EXERCISE. Each line from the one containing "Simple Modern Mesa" through the last line of the records is to be repeated exactly, with all pictures left out.

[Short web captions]
━━━━━━━━━━
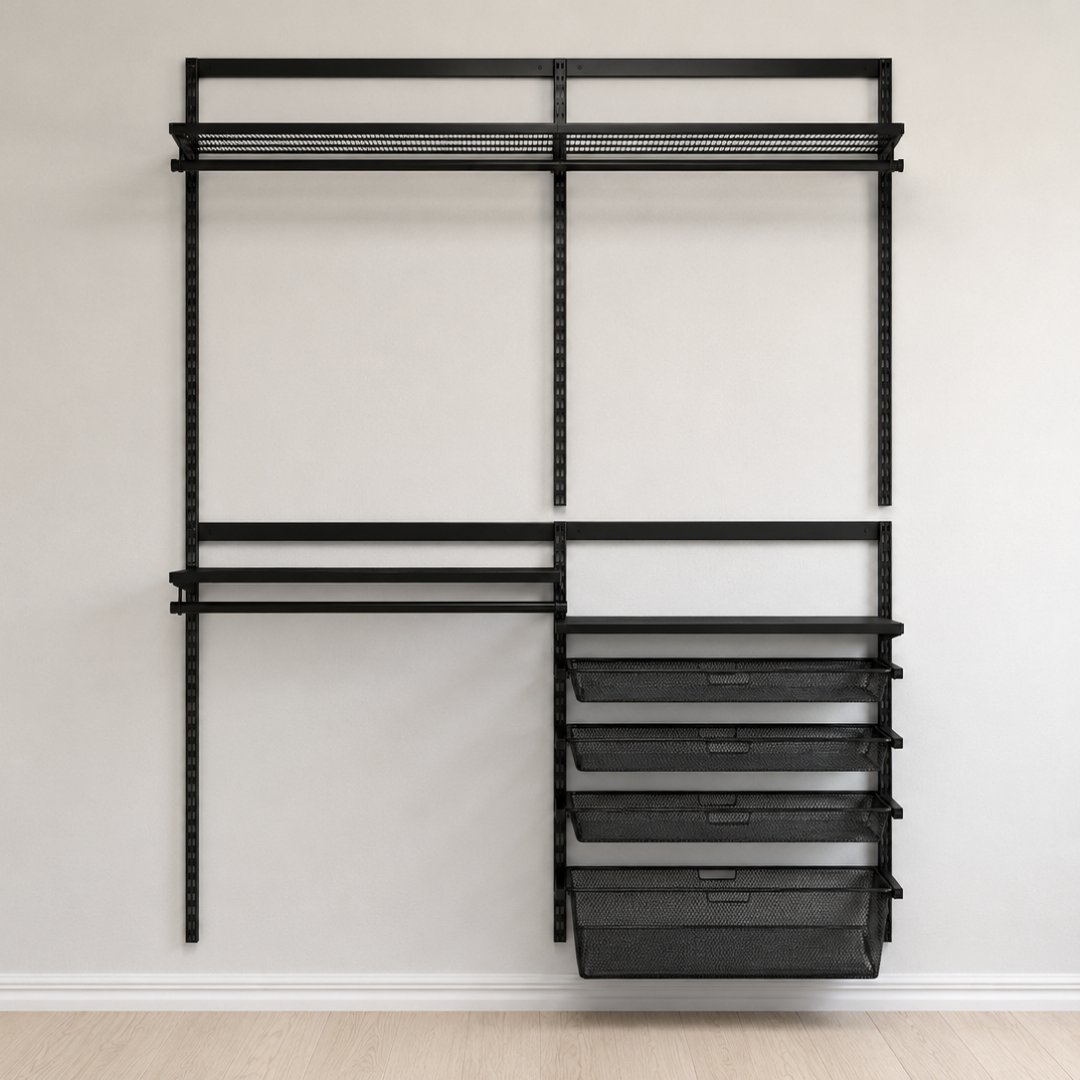DIY Metal Wardrobe D1 - Black W150 x D60 x (H200-280)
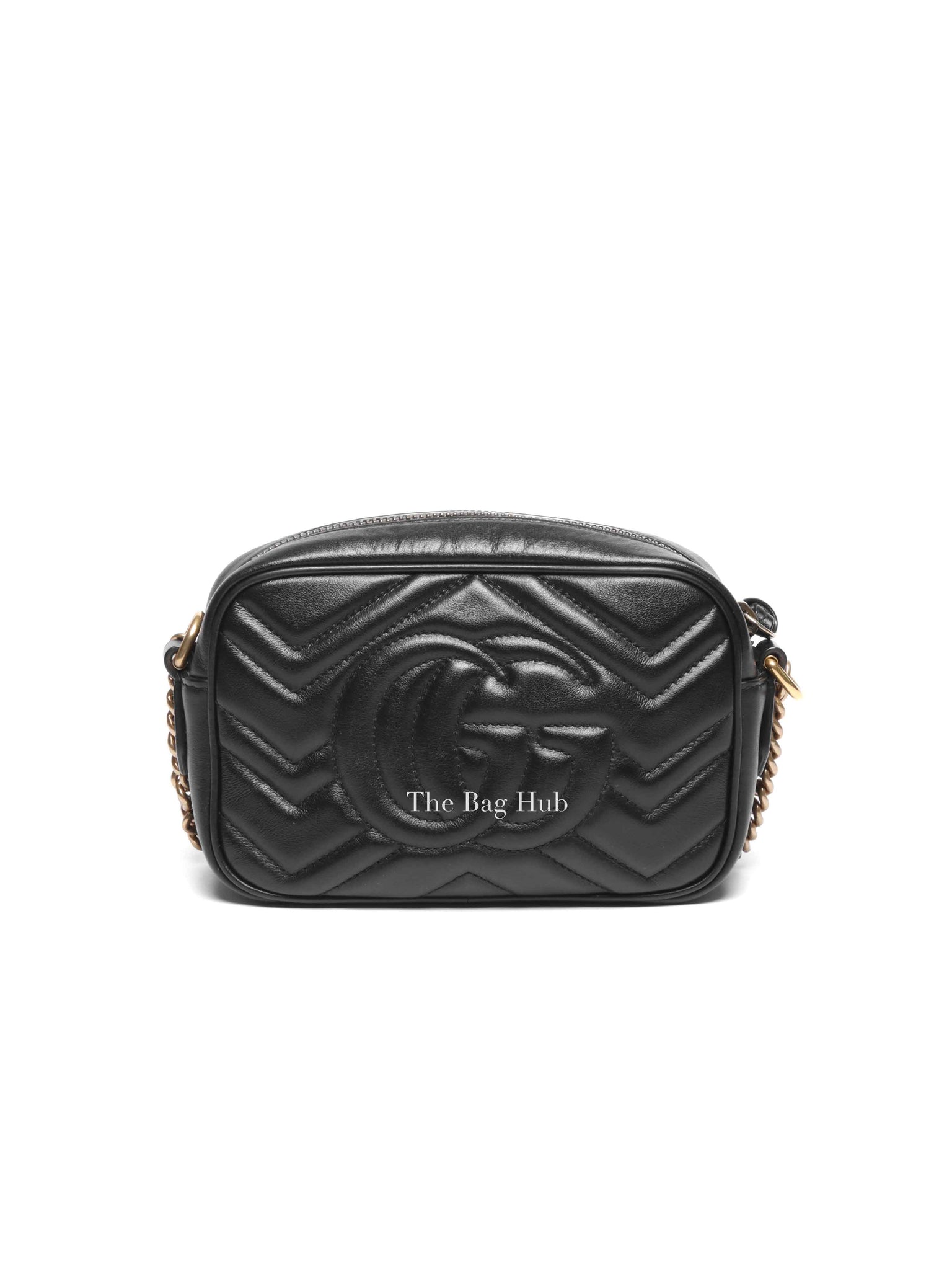 Gucci Black Leather GG Marmont Mini Camera Bag
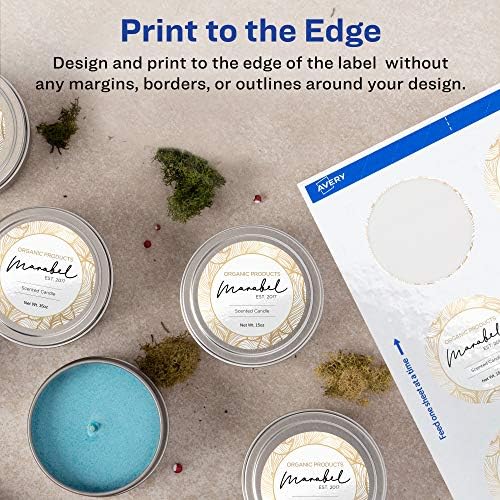 Avery Printable Round Labels with Sure Feed, 2.5" Diameter, Glossy White, 450 Customizable Labels (22830) - Image 3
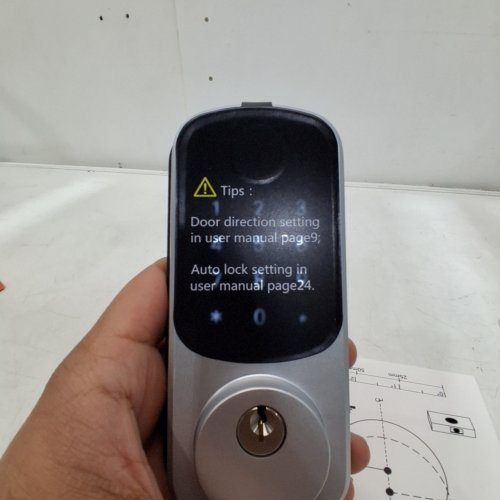 DESLOC B200 SMART FINGERPRINT DEADBOLT LOCK WITH TOUCHSCREEN KEYPAD - SILVER / BLACK image 2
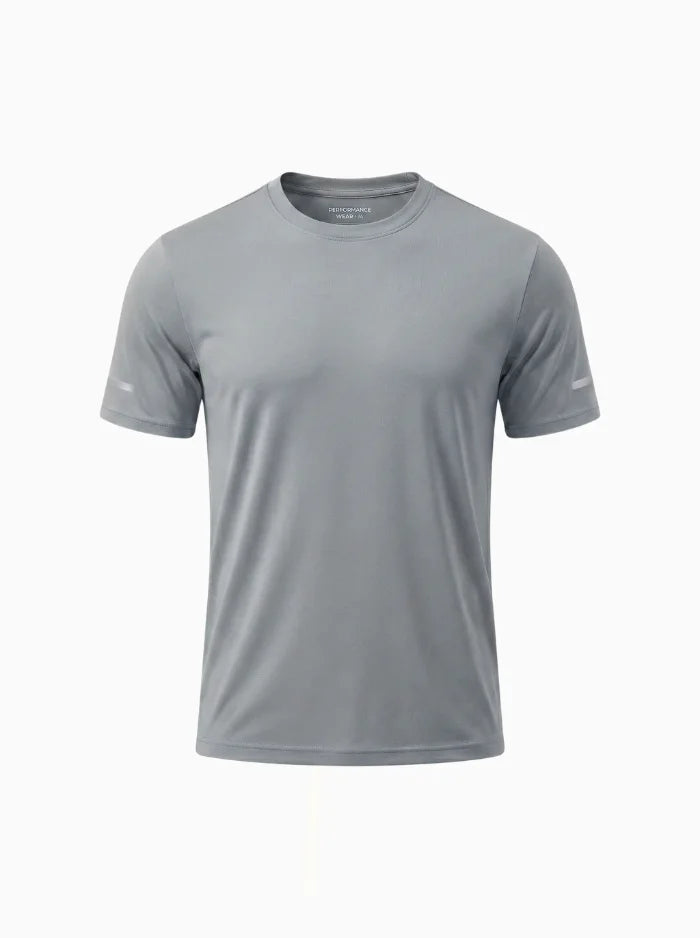 Mens UPF 50+ Workout T Shirt Quick Dry Stretch Short Sleeve-Men's T-shirt-CAMOUFIT-Light Grey-S-Camoufit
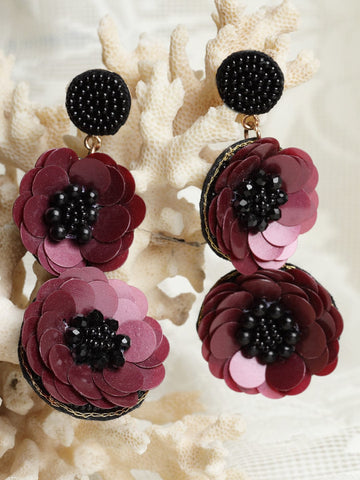 Burgundy & Black Floral Drop Earrings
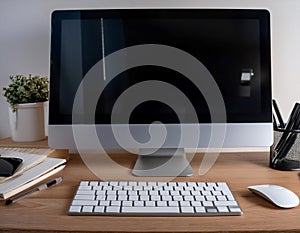 Desktop computer setup, including accessories like keyboard and mouse, representing office work, productivity, and tech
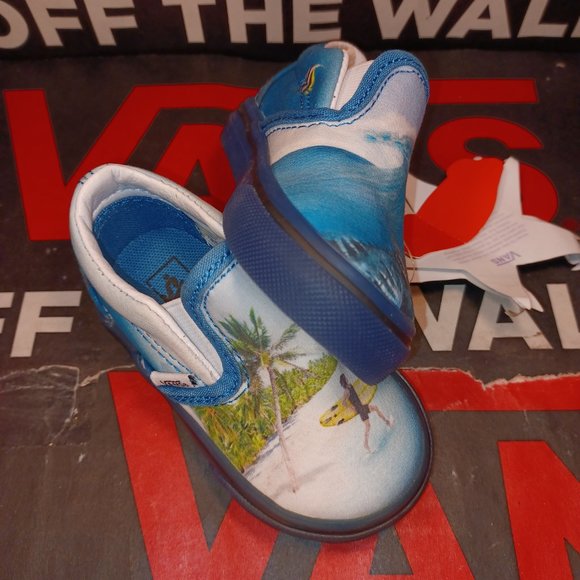 VANS CLASSIC SLIP-ON SURF MONSTER Size 4 T (no box) - Picture 4 of 11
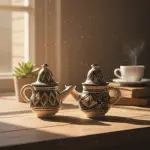 Théière avec un motif végétal noir ** براد زواق تبوع أسود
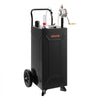 VEVOR 30 Gallon Fuel Gas Caddy, Carbon Steel, Portable Fuel Transfer Storage Tank with Manual Pump & 2 Wheels, Gasoline Diesel Can Container, for Cars, Lawn Mowers, ATVs, Boats, Motorcycles, Black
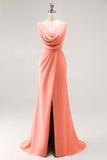 Blush Pink Sheath Lace Up Back Ruched Long Bridesmaid Dress with Slit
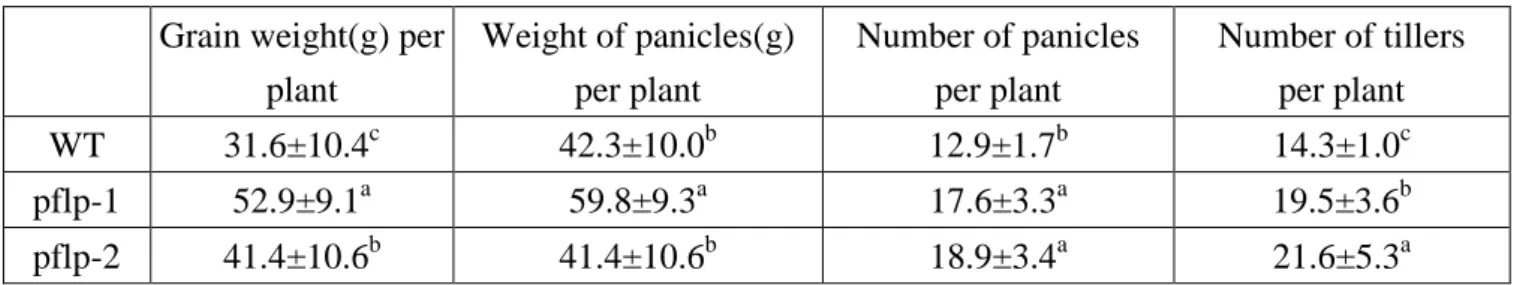 Table II: The crop yield in WT and pflp transgenic lines  Grain weight(g) per 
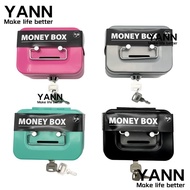 YANN1 Cash Box, with Coin Slot Metal Money Box, Security Sturdy Handles Lockable Coin Saving Box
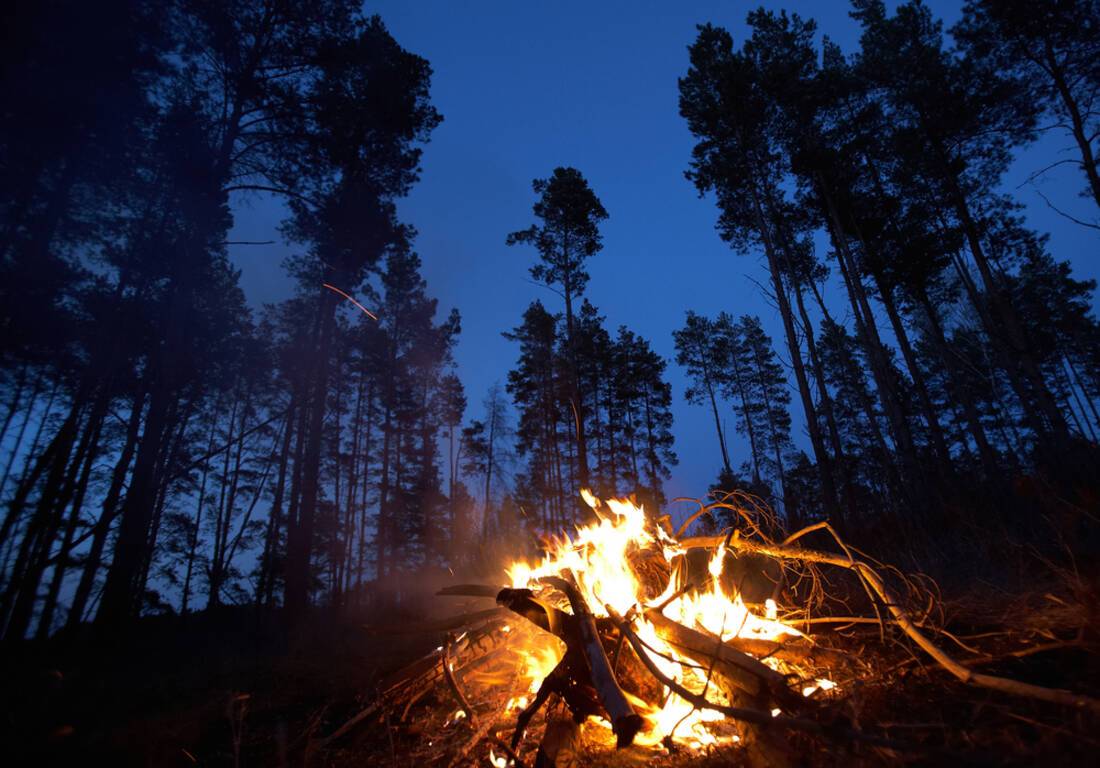 Campfire in Alaskan wilderness
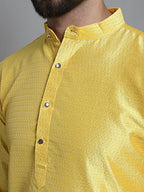 Jompers Men's Woven Design Kurta Only - Lemon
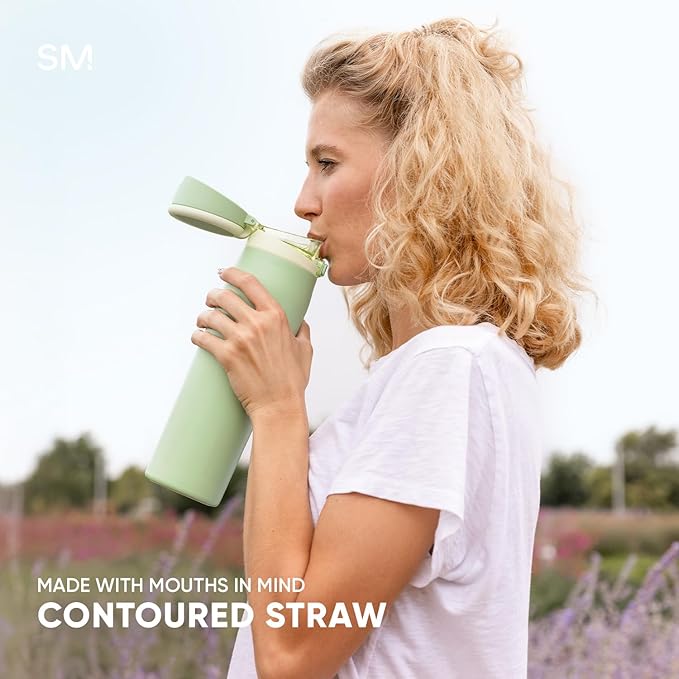 Simple Modern Mesa Loop Water Bottle with Covered Straw and Handle | 24oz Cup Holder Friendly Insulated Stainless Steel Bottles for Travel, Sports and School | Pink Champagne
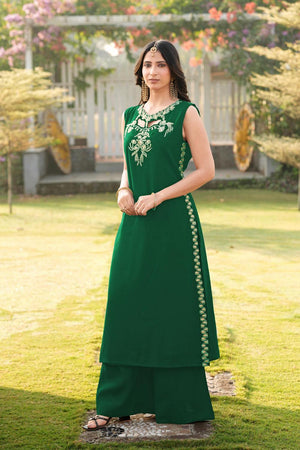 Green Floral Embroidered Art Silk Kurti Palazzo Set (NC2248CKS)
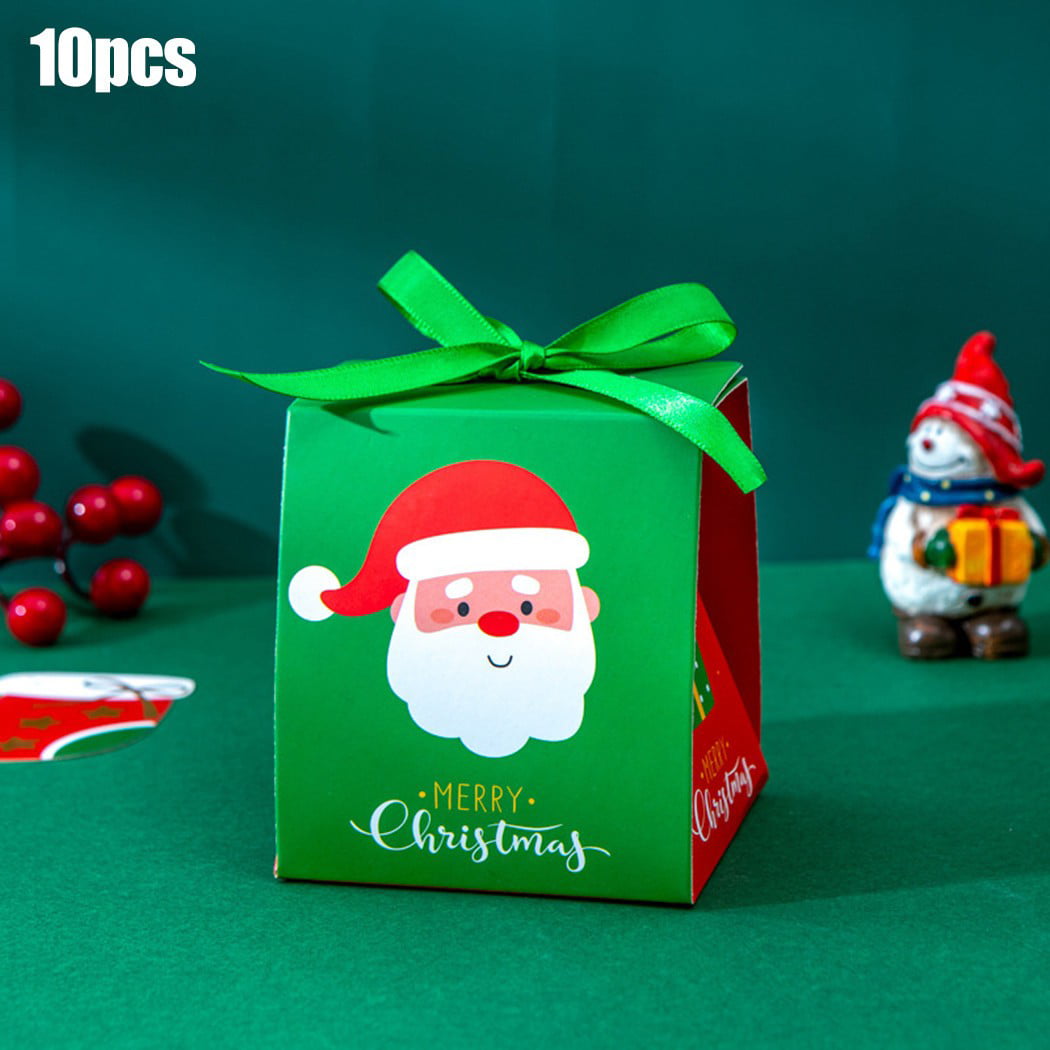Christmas Apple Boxes DIY Paper Box Xmas Candy Bag Winter Holiday Tool 10pcs New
━━━━━━━━━━
ANSWER BOX.
 Simple Modern Mesa Loop Water Bottle with Covered Straw and Handle | 24oz Cup Holder Friendly Insulated Stainless Steel Bottles for Travel, Sports and School | Pink Champagne
 Green Floral Embroidered Art Silk Kurti Palazzo Set (NC2248CKS)
Christmas Apple Boxes DIY Paper Box Xmas Candy Bag Winter Holiday Tool 10pcs New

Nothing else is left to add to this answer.